Plukgeluk est une organisation basée à Anvers, dont la mission consiste à initier des élèves et des étudiants à la beauté et à la sagesse de la nature par le biais d’un apprentissage expérimental et la culture d’un amour porté à la nature, afin qu’ils et elles comprennent et chérissent véritablement l’origine de notre alimentation et le fonctionnement des écosystèmes.
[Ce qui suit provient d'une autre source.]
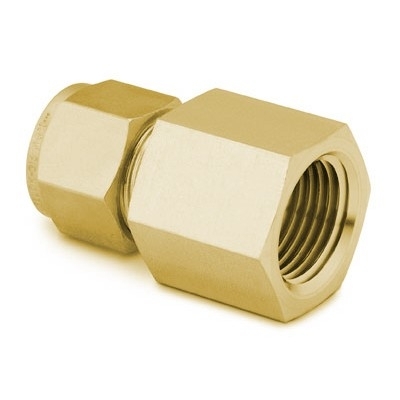 Conexão Femea em Latão, Extremidades: Conexão Swagelok (Dupla Anilha) para Tubo de 1/4" OD (DE) X Rosca NPT Femea de 1/4" (vide MS-01-140)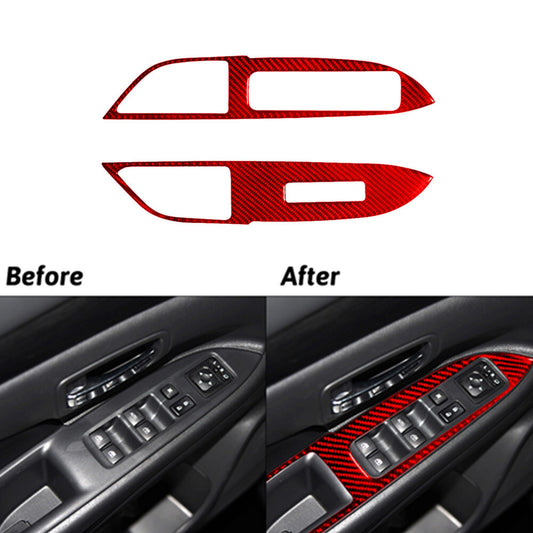 2Pcs Red Carbon Fiber Rearview Mirror Cover Trim Strip For 86 for Subaru BRZ v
À propos de Superhost au Muhka

Superhost est un programme qui investit dans une relation à long terme entre un artiste ou une pratique collective, le musée et les communautés participantes, en soutenant la production d’œuvres d’art et de créations performatives ou discursives. Chaque année, un artiste ou un collectif est invité à devenir le Superhost du Muhka. En embrassant la dynamique ambiguë et interconnectée de l’hospitalité – où l’hôte est toujours aussi un invité, et l’invité est toujours un hôte – le Muhka affirme un désir de transformation institutionnelle, de perméabilité et d’échange plus importants. L’invitation prend forme librement, à la fois dans les espaces de la galerie au dernier étage du musée et dans les programmes d’événements discursifs et performatifs.

Superhost 2024 fait partie du Museum of the Commons (2023-2026), un projet de la fédération de musées L’Internationale dont le Muhka est également membre. Le Musée des biens communs s’articule autour de trois thèmes : le climat, les organisations en place et le passé dans le présent. Ces trois thèmes sont liés aux principaux défis auxquels sont confrontées les sociétés contemporaines. Le thème du climat tourne autour de la crise climatique planétaire actuelle, de la durabilité des pratiques/processus institutionnels, artistiques et culturels, et de l’urgence de transformer nos processus politiques, nos sociétés, nos cultures et nos modes de vie en pratiques plus écologiques.